Hi, 

I would like to create a "zero" value for a Structured Streaming Dataframe and unfortunately, I couldn't find any leads.  With Spark batch, I can do a "emptyDataFrame" or "createDataFrame" with "emptyRDD" but with StructuredStreaming, I am lost. 

If I use the "emptyDataFrame" as the zero value, I wouldn't be able to join them with any other DataFrames in the program because Spark doesn't allow you to mix batch and stream data frames. (isStreaming=false for the Batch ones).

Any clue is greatly appreciated. Here are the alternatives that I have at the moment. 

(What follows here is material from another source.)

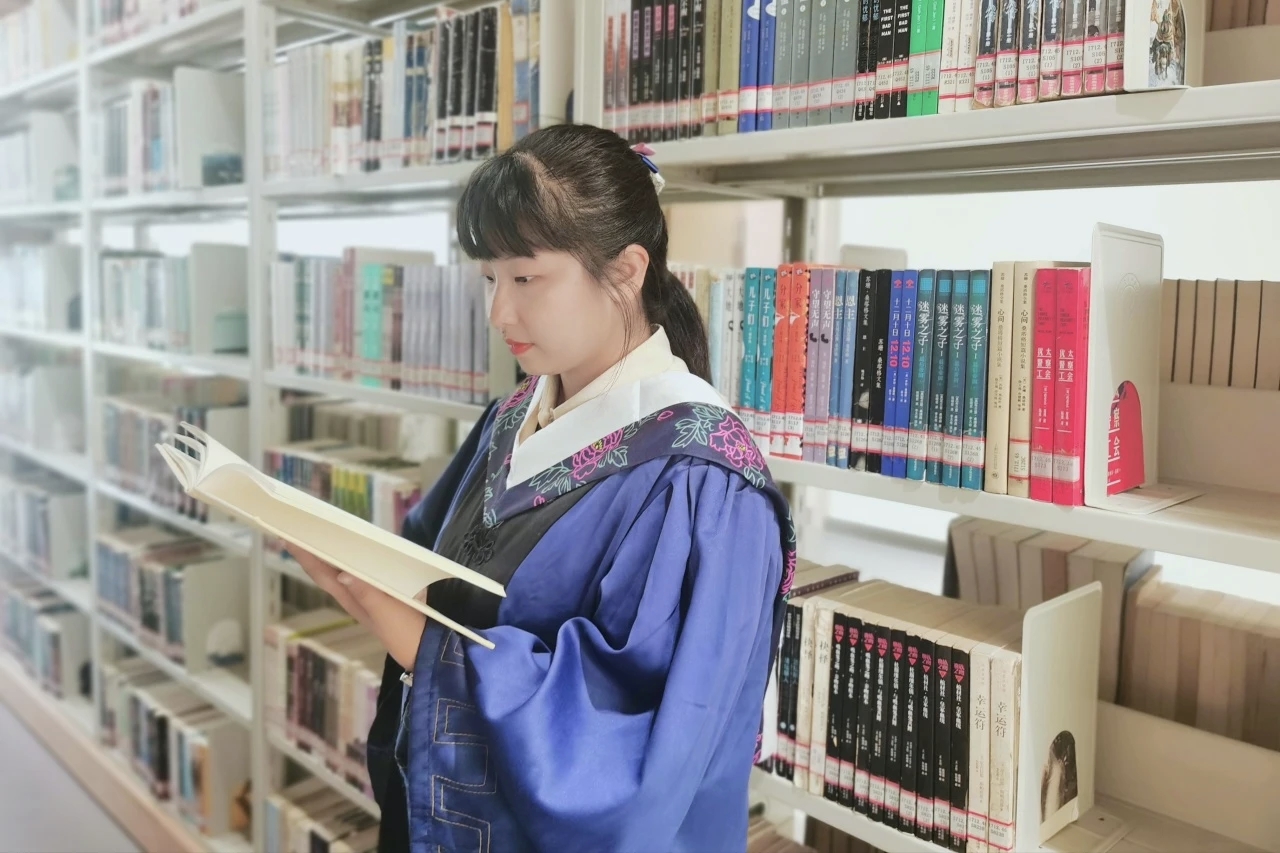 【筑梦基层】颜金：追风赶月莫停留，平芜尽处是春山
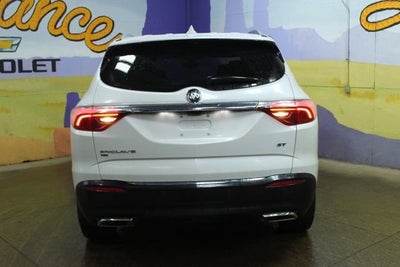 2022 Buick Enclave Essence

1. Reading from an empty file 
Disadvantages : poll is expensive because it involves IO and it's error prone in the sense that someone might accidentally update the file.
val emptyErrorStream = (spark: SparkSession) => {
spark
.readStream
.format("csv")
.schema(DataErrorSchema)
.load("/Users/arunma/IdeaProjects/OSS/SparkDatalakeKitchenSink/src/test/resources/dummy1.txt")
.as[DataError]
}

2. Use MemoryStream
Disadvantages: MemoryStream itself is not recommended for production use because of the ability to mutate it but I am converting it to DS immediately. So, I am leaning towards this at the moment. 

val emptyErrorStream = (spark:SparkSession) => {
implicit val sqlC = spark.sqlContext
MemoryStream[DataError].toDS()
}
Cheers,
Arun